The third chapter, focusing on the employees and their place in the system as well as the mindset that allows them to absolve themselves from this exploitative system, goes more in depth in its analysis. It brings up topics such as orientalism, positive liberty, and pernicious ignorance to explain the ways that employers, no matter their race (whether Western expats in Singapore or Arabs in the UAE) participate in this system. Goes through multiple examples of employers that Parreñas interviewed, her research into how “maid agencies” function, and her analysis of how these examples fit into the previously mentioned ideas. We see how employers withhold pay from their employees in repayment for the debt that they accrued to the agency as well as how actions such as holding onto passports and only giving the mandatory one day off a month is commonplace even among the employers that consider themselves the kindest to their workers. It's an extremely well-researched and strong piece of writing that further proves her concept of the employer savior complex while showcasing just how pervasive it is.

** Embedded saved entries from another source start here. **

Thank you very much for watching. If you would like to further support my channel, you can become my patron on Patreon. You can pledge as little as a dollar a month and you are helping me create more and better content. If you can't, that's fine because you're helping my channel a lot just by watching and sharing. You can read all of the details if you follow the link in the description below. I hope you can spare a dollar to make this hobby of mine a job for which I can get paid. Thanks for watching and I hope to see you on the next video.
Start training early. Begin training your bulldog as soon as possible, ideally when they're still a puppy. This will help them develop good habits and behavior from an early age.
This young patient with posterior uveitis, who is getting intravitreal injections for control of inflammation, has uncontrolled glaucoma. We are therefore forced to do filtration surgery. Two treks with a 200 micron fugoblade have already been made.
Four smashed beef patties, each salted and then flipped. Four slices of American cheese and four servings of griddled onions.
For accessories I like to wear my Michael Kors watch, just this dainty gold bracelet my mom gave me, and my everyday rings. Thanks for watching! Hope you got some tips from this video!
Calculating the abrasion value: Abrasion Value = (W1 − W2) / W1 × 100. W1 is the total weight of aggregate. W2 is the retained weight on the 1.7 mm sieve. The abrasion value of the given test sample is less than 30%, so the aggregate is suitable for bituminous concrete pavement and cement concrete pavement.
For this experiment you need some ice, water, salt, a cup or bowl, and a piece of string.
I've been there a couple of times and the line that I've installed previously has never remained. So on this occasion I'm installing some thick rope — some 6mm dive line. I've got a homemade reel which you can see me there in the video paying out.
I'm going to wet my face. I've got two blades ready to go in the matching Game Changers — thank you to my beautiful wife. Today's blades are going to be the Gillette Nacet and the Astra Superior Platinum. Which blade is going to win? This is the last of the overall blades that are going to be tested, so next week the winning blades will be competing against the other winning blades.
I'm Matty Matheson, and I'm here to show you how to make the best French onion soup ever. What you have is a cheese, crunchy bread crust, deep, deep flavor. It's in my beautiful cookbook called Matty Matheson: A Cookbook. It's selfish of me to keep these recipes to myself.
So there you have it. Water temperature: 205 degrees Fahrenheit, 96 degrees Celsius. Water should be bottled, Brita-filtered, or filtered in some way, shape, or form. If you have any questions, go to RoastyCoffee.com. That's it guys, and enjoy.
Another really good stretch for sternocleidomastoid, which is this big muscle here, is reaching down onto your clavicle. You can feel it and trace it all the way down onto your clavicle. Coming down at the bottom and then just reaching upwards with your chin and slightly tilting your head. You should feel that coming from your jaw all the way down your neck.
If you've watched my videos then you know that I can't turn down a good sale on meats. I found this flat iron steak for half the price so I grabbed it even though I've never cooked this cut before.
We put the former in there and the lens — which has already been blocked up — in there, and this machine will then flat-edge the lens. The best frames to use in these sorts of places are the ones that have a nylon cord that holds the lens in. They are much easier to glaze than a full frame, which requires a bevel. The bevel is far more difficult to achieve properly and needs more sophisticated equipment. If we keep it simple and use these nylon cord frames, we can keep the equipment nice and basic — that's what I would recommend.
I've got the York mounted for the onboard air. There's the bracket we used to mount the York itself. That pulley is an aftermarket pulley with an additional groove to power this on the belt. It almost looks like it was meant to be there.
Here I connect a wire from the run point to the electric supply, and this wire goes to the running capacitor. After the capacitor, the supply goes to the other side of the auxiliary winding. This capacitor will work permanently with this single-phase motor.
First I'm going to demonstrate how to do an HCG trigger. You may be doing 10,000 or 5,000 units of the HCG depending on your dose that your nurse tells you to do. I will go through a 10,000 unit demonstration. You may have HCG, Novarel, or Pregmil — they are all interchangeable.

Again, his book is extremely well-written. Parreñas does not rely on long segments of quotes or interviews (not inherently a bad thing when done right) but weaves them into a discussion of each example. Small examples are presented in conversation with each chapter's main story, using the words from one to extrapolate conditions and information from the other. Equal emphasis is given to the words, point of view, and explanations of both the enslaver and the enslaved. When confronted with an “employer” stating that “slavery can turn into love”, she explores the wrongness of this with:

”Love exerts such gravitational force because it is often the only source of dignity for victims of slavery like Pulido. Love counters the indignity of sleeping next to a dog, wearing hand-me-down clothes, eating leftovers, and suffering regular beatings. It cloaks the violence of being ripped from one's family. Love hides the crime of abusers who demand that victims like Pulido displace their love for their own family onto their employers.”

Just so, so well written with gems like this embedded in the interviews describing workers’ experiences and Parreñas’ analysis.

It’s hard to write reviews for non-memoir nonfiction, especially as a layman. This book is expertly researched and written beyond expectations. It is not bogged down with statistics but gives enough to support her points and the horrors that she explores. Smoothly concise but never lacking, I could have read another whole book of just more of this (an obvious sign to look into her other works). An essential look into an overlooked and under-checked pandemic of human rights violations.